For most people, supporting equal marriage rights is just a matter of common sense. “Opposite-sex couples can get married, but same-sex couples can't! This is discriminatory and wrong.” To this I say – exactly right; bingo; top of the class except oh wait not really because almost everyone gets this. It's pretty simple.

Most opposition to equal marriage rights comes from arch-conservatives, the kinds who are all, “zomg but the Bible says no!!” (fun fact: it doesn't. It does, however, say quite a lot about how virtually all rich people are evil, and it's funny in a totally non-coincidental way how little gets made of that.), or the kinds who – like my grandmother (who is my usual benchmark for arch-conservativism) – go, “I honestly don't think that God cares one fig who people have sexual relations with, but marriage is an institution that has existed for millennia, and to tamper with it would just result in SOCIAL CATASTROPHE!!” (Just like when marriage ceased to refer to the trading of women like livestock from fathers to husbands! That was pretty damn disastrous; let's not make the same mistake, and tamper with the institution of marriage, again.)

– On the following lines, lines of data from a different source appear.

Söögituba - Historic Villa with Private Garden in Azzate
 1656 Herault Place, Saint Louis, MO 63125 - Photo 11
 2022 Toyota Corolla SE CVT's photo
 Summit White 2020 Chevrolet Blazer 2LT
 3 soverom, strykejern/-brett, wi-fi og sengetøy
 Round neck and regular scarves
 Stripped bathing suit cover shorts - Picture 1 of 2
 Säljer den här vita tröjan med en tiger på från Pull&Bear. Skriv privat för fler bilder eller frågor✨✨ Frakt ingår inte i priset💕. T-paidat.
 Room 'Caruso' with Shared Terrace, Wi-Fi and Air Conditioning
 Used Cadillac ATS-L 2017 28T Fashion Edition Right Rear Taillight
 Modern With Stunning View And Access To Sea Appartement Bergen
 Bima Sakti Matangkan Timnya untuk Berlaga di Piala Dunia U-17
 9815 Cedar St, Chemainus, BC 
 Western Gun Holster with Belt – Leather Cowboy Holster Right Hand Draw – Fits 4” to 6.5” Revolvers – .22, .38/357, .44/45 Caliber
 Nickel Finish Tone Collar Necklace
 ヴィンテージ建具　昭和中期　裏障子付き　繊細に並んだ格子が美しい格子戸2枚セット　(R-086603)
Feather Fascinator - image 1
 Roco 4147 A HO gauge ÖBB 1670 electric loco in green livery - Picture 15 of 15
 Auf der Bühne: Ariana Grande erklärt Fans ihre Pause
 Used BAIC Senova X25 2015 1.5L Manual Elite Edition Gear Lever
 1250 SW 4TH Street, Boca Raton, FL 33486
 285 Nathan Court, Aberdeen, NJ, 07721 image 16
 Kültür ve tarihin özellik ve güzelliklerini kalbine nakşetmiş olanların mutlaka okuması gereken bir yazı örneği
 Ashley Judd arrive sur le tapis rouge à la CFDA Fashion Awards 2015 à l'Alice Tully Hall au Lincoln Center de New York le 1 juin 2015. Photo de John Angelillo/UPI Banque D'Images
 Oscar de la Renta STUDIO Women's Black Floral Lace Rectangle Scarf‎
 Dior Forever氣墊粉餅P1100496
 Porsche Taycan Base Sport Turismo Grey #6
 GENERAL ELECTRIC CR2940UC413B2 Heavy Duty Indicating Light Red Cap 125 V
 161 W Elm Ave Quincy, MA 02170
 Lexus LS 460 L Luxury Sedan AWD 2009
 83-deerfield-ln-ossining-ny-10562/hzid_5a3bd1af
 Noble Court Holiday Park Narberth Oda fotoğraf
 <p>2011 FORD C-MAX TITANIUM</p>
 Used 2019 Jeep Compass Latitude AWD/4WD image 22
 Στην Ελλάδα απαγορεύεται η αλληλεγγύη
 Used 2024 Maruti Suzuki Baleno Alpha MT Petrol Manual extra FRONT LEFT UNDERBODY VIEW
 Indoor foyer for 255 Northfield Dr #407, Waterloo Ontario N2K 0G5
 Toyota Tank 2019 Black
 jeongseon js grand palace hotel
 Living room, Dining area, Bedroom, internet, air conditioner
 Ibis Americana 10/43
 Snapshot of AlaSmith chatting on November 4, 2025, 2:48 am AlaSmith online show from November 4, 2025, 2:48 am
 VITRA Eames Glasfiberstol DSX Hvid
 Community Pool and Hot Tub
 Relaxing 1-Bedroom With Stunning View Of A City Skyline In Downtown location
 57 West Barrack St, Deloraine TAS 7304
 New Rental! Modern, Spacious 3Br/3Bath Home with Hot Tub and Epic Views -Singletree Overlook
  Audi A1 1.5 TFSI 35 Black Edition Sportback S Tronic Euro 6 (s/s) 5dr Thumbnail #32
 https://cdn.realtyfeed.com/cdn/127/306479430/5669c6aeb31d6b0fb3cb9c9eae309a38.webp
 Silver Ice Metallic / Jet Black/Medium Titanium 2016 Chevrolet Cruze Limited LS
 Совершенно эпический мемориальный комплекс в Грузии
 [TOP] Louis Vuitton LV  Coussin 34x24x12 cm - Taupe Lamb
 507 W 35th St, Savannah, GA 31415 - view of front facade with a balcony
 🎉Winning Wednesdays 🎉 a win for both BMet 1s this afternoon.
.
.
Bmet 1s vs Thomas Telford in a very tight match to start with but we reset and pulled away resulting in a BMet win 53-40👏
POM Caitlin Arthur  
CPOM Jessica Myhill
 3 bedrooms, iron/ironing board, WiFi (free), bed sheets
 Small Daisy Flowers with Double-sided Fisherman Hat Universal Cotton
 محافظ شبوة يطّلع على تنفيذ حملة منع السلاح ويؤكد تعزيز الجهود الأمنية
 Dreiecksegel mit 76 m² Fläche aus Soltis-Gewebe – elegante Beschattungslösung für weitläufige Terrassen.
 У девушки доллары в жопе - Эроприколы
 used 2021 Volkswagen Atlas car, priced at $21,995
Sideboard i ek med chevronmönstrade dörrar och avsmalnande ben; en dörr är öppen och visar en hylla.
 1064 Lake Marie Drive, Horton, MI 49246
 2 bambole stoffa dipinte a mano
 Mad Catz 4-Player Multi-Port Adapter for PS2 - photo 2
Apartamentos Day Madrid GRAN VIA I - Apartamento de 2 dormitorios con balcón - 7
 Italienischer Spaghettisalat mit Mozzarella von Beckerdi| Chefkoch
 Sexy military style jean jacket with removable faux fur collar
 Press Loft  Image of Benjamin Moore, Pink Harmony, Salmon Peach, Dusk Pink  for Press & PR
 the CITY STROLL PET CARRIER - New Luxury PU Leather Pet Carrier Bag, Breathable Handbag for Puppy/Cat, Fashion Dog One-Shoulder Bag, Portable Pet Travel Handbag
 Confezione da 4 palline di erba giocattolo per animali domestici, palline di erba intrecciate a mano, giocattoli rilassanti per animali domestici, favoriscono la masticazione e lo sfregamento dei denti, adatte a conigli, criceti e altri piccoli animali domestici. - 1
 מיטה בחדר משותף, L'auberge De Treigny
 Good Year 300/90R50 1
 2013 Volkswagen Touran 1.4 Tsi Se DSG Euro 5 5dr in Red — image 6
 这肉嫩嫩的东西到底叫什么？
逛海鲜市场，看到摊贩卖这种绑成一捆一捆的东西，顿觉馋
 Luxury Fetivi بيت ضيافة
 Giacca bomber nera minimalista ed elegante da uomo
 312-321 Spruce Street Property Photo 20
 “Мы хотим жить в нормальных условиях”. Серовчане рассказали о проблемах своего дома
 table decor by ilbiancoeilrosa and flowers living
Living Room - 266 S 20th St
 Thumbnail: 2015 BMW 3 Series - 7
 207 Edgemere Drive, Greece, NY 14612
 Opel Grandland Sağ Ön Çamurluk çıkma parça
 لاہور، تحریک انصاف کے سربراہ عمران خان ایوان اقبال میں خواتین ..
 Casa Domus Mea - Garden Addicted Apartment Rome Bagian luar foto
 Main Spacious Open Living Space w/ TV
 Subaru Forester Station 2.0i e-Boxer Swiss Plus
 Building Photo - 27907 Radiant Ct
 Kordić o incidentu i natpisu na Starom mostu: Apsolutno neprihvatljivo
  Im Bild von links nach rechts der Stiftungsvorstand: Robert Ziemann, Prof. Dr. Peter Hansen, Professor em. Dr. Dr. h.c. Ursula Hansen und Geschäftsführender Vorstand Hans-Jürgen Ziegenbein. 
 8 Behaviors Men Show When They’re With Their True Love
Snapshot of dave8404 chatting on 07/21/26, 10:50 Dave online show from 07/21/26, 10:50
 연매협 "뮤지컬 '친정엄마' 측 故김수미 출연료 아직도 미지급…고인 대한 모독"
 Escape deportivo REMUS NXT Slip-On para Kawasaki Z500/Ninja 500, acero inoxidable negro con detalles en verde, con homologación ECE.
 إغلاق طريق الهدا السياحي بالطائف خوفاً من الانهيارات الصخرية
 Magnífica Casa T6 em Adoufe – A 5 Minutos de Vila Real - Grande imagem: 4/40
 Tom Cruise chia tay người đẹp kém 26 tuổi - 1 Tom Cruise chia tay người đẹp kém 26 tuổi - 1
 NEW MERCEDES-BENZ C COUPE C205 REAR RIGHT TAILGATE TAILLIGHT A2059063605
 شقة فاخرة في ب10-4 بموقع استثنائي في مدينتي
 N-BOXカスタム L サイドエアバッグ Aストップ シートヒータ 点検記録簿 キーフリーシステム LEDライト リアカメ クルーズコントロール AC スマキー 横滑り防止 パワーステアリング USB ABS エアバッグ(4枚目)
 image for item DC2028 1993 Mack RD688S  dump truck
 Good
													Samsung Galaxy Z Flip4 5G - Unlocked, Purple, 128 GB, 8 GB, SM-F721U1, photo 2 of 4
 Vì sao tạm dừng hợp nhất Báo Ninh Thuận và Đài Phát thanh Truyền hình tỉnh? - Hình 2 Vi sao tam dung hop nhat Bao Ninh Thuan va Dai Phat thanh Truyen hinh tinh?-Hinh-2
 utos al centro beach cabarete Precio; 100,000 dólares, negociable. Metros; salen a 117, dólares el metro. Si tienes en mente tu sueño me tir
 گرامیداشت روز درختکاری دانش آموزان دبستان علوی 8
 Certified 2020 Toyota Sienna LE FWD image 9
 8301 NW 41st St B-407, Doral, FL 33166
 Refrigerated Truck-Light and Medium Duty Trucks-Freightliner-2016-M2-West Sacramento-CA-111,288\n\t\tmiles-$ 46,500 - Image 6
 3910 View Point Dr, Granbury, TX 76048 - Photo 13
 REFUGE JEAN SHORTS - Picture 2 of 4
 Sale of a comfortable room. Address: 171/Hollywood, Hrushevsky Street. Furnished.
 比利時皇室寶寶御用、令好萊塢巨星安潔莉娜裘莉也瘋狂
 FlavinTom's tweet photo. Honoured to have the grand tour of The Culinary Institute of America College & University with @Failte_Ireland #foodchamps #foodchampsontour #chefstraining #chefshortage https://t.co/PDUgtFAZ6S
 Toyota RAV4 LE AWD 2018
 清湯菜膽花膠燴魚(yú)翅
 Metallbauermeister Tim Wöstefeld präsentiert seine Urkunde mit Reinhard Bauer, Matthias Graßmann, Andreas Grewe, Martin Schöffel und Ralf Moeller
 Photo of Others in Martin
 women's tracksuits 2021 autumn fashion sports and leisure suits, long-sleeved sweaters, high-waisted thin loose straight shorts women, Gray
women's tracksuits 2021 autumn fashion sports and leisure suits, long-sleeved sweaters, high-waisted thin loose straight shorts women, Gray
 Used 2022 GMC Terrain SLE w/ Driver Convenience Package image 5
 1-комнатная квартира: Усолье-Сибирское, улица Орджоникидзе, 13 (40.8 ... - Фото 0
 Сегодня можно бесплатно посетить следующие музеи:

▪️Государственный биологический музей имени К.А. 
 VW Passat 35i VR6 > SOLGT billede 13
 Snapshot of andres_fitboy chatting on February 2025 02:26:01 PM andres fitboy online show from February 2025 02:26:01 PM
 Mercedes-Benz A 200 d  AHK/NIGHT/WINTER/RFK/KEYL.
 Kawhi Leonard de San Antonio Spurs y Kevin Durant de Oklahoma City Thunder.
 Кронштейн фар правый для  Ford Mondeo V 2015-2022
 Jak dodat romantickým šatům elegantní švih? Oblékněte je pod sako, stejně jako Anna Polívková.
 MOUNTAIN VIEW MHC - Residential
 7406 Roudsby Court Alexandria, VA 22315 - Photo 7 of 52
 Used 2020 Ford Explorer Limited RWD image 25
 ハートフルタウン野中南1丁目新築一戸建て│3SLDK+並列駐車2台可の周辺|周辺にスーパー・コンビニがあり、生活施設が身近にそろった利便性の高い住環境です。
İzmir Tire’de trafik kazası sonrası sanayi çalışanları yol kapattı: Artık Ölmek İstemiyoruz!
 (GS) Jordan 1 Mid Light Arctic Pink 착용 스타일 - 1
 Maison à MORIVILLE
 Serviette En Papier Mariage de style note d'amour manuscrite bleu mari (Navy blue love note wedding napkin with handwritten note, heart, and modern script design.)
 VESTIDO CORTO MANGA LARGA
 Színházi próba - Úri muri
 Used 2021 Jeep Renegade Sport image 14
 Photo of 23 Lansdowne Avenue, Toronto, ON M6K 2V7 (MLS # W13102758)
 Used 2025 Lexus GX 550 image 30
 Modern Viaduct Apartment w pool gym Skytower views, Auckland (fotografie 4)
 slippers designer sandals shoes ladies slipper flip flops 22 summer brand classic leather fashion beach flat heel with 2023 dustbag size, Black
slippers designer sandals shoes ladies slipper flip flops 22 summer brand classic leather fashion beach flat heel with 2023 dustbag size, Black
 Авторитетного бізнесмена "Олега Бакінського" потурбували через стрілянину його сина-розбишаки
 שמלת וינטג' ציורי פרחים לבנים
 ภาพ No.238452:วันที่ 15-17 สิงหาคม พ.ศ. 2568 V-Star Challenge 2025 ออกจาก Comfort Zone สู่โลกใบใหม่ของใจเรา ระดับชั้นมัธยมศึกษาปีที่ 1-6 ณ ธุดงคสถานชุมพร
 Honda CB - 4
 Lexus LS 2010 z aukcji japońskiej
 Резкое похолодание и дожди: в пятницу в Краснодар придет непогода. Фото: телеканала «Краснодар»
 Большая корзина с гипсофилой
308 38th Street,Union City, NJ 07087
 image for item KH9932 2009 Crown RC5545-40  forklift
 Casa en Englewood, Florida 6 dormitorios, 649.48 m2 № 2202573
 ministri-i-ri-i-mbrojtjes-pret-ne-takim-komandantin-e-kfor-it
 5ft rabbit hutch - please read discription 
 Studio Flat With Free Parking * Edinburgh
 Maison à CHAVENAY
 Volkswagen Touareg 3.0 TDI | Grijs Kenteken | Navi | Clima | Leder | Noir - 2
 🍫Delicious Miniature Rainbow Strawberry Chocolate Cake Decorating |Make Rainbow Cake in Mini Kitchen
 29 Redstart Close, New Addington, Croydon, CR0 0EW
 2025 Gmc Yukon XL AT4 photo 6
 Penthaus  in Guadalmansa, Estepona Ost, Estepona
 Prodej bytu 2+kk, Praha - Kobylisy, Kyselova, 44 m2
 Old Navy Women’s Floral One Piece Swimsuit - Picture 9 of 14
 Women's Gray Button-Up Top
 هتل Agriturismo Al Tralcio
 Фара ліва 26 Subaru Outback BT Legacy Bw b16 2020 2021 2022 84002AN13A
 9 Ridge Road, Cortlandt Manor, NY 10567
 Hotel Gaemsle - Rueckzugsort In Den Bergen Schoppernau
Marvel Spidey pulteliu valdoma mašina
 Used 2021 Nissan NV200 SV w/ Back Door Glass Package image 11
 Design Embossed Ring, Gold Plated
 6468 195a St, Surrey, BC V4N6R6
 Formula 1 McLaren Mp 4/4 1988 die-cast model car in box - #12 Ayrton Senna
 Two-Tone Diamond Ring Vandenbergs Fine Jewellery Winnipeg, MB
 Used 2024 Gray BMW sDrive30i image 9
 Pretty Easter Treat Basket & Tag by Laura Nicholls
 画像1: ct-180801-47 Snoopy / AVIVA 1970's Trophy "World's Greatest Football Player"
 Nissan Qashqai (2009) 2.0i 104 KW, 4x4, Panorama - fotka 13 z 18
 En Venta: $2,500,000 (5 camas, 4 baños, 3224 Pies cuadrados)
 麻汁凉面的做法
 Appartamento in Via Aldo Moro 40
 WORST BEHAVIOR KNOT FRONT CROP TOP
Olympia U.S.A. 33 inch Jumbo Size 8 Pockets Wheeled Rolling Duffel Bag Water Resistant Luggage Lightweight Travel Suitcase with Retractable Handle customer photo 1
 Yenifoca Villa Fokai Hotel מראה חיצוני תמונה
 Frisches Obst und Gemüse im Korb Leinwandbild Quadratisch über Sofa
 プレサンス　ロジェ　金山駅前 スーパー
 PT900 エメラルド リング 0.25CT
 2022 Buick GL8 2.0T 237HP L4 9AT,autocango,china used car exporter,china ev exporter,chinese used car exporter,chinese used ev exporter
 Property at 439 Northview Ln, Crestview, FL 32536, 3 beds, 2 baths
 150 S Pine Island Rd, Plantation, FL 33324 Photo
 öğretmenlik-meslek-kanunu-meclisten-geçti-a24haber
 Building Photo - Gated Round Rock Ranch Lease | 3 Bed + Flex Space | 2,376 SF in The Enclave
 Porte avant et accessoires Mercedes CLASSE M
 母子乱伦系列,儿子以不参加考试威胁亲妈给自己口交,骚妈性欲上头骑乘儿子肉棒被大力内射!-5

But to tell the truth, if anyone even reads this blog it's not arch-conservatives, so those arguments are somewhat pointless here. No, what this post seeks to address is the supposedly “progressive” argument against equal marriage rights – that in reinforcing the nuclear family, marriage is an oppressive institution that should be abolished, not expanded.

There's no doubt in my mind that the nuclear family is an oppressive institution. For a start, to be divided into nuclear families isolates us, atomises us; rather than having socially-necessary tasks like child-rearing, cooking, cleaning etc. done by a broader collective, it forces each individual household to do these things itself. The vast majority of the time, these tasks fall to women. It's not just for ideological reasons that they fall to women; as well, childcare is expensive (thus unaffordable for many couples), women continue to be paid much less than men on average (and if it's decided that one partner has to quit their job, it's going to be the lesser-paid, isn't it?), and in order to have the babies in the first place, it's women who have to endure pregnancy and childbirth, so it's likely that they'll need time off work. Then, the household being a relatively self-contained unit, it's really socially isolating; it makes us forget that we belong to a collective, and retreat into ourselves, which serves the imperatives of capitalism nicely – we forget that we're powerful in numbers, but remember that we're powerless alone. So instead, we seek solace in our partners... which ends pretty badly for most people, considering that 50% of all marriages end in divorce, and many more are highly miserable, or end before the marriage stage even comes along.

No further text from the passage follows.